* **WORK INSTRUCTIONS**:
Pull every "Residential" line out of the data below.

* **Short web captions**:
▼▼▼

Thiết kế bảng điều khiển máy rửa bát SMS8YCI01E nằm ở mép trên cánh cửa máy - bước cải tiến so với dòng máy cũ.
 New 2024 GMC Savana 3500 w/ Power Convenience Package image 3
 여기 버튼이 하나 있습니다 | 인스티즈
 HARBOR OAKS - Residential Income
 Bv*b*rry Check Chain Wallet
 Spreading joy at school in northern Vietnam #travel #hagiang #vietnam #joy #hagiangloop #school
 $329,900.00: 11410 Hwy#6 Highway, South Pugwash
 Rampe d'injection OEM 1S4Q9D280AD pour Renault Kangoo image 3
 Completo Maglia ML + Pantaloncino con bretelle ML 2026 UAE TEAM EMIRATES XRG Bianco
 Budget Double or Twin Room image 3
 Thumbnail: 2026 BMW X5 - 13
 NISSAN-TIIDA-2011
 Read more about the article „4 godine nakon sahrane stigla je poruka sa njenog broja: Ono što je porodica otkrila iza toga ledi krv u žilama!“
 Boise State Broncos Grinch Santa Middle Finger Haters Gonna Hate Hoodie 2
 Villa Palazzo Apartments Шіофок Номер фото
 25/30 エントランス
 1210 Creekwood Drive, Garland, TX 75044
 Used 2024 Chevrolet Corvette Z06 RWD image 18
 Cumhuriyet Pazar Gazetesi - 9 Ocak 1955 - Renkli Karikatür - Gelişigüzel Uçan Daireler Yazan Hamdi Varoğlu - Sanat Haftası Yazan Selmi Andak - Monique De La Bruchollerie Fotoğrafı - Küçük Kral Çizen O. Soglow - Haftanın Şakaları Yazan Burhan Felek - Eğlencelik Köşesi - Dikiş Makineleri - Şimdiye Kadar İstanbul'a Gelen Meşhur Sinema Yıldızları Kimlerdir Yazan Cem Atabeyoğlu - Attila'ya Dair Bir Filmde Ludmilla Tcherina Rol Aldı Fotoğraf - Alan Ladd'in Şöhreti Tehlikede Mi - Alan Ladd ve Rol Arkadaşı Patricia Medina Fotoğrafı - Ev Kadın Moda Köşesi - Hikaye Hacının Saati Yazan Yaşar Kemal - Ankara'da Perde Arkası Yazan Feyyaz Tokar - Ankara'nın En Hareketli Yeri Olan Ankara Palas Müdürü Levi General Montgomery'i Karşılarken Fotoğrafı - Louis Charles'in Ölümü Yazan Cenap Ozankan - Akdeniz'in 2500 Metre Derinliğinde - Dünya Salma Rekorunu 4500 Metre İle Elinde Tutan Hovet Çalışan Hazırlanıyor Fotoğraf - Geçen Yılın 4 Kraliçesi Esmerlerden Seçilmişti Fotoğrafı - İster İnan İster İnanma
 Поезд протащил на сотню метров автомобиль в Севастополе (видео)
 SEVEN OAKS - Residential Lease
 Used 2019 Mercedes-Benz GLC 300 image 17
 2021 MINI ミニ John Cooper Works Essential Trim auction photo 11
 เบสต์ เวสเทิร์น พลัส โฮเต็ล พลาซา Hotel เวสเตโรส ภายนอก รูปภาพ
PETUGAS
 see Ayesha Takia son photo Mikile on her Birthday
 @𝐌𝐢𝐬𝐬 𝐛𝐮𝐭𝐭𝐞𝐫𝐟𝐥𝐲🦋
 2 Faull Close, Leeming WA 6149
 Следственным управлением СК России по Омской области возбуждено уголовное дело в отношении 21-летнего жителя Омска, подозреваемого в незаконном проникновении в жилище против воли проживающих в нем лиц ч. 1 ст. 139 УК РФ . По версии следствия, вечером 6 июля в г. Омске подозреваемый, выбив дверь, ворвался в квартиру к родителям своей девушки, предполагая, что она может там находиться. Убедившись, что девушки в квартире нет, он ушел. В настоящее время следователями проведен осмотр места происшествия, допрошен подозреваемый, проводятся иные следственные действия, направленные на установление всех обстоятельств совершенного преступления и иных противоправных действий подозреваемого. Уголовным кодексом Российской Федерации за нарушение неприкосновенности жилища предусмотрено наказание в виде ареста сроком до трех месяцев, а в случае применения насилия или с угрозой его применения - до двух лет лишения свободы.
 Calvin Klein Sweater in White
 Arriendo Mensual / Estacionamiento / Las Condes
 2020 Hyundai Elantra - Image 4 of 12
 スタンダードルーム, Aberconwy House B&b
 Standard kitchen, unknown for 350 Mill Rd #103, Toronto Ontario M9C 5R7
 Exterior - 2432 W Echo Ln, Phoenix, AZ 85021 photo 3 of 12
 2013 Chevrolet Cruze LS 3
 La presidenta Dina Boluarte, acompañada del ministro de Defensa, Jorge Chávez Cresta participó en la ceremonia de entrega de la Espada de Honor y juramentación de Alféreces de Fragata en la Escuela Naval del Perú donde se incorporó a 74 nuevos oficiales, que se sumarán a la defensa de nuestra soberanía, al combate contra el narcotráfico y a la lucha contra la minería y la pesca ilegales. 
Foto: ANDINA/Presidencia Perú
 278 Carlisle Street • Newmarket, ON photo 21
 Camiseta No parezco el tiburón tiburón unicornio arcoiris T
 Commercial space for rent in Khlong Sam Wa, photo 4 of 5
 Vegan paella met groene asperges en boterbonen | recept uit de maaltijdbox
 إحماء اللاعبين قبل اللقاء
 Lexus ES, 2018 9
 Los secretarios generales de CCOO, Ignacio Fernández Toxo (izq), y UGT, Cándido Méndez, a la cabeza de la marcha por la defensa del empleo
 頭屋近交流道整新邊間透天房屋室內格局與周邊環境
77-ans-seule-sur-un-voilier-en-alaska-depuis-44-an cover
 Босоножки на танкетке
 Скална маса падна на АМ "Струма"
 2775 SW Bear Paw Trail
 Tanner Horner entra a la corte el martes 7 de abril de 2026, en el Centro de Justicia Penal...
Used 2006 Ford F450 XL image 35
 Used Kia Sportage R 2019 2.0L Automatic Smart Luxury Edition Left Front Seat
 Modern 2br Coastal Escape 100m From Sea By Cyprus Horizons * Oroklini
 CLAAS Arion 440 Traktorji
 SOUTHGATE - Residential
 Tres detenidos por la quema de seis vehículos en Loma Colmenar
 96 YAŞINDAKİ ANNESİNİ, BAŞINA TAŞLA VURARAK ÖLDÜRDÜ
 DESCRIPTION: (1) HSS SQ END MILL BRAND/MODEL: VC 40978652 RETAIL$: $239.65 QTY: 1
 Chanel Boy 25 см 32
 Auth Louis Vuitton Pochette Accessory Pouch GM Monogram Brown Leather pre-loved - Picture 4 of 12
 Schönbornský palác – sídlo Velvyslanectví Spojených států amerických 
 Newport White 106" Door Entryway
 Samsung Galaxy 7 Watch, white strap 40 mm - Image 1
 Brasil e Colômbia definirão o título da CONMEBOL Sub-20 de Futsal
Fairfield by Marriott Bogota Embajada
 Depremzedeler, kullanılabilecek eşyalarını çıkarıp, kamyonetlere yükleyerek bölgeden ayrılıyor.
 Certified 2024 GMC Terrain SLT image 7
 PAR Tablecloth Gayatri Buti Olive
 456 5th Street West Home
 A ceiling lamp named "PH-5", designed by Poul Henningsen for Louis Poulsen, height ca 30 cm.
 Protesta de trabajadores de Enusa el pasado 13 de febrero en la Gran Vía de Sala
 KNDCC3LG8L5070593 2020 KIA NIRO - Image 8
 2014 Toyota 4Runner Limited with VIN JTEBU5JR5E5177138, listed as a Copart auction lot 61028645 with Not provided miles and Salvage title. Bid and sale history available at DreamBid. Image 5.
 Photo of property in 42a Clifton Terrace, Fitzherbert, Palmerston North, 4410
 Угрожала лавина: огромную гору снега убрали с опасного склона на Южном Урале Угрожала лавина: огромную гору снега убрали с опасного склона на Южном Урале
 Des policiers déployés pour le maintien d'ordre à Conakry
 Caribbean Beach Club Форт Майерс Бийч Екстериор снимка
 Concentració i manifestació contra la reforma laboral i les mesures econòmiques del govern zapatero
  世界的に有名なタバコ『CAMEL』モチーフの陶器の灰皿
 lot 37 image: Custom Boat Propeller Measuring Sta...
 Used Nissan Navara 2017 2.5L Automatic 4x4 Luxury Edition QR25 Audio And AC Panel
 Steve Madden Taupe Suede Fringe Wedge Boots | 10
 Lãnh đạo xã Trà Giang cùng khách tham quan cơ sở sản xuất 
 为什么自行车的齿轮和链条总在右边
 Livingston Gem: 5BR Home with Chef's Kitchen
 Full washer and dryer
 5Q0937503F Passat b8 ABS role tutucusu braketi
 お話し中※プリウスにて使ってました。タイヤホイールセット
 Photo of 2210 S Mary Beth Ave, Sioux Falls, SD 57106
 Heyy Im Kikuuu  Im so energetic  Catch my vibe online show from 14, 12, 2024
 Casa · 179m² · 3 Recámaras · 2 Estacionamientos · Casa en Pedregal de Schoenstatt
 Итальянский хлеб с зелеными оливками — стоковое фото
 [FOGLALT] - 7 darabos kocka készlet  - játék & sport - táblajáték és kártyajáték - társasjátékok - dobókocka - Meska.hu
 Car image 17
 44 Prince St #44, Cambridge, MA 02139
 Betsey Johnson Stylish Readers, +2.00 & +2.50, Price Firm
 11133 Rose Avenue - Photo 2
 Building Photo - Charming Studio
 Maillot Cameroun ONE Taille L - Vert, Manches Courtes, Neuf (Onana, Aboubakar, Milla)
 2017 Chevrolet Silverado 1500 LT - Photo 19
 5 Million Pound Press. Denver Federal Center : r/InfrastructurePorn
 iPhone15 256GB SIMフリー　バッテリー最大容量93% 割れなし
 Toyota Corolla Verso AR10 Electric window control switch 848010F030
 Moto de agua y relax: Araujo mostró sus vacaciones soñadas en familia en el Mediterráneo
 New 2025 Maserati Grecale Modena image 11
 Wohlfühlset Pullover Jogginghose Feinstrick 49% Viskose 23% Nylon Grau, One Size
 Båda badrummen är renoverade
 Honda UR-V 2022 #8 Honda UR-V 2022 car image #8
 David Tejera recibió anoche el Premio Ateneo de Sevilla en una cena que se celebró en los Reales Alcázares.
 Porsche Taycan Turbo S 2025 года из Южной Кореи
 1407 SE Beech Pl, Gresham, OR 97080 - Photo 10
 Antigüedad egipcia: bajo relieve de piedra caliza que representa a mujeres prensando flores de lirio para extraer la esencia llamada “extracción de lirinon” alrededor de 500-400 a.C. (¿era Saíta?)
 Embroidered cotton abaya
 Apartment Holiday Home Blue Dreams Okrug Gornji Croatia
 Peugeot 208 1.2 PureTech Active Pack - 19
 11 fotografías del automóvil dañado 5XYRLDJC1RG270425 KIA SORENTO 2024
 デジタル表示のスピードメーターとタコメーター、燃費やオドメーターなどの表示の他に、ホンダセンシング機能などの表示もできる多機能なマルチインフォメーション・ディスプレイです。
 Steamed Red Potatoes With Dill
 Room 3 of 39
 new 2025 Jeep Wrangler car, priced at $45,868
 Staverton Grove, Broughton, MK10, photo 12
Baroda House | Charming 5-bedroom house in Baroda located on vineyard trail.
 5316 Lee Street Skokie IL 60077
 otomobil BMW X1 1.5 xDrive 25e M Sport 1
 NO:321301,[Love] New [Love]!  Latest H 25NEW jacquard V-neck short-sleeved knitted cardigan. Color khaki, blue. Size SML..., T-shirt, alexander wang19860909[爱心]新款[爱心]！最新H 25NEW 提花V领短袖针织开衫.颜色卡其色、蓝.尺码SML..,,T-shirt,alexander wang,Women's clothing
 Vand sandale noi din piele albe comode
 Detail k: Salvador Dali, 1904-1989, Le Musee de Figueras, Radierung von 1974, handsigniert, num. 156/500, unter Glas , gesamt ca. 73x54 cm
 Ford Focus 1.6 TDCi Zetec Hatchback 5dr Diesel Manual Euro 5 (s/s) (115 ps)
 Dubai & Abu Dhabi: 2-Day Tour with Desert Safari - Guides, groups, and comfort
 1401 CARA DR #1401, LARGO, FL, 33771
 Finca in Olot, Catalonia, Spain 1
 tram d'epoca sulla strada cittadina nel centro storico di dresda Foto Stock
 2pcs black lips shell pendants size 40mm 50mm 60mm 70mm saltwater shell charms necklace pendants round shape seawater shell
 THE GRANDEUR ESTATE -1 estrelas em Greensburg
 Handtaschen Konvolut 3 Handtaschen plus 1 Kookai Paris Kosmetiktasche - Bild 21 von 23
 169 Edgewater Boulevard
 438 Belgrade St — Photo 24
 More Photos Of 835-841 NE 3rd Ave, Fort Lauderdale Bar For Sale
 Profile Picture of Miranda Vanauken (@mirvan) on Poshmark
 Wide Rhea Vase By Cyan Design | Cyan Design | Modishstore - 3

▲▲▲

* **ANSWER TO THE EXERCISE**:
 HARBOR OAKS - Residential Income
 SEVEN OAKS - Residential Lease
 SOUTHGATE - Residential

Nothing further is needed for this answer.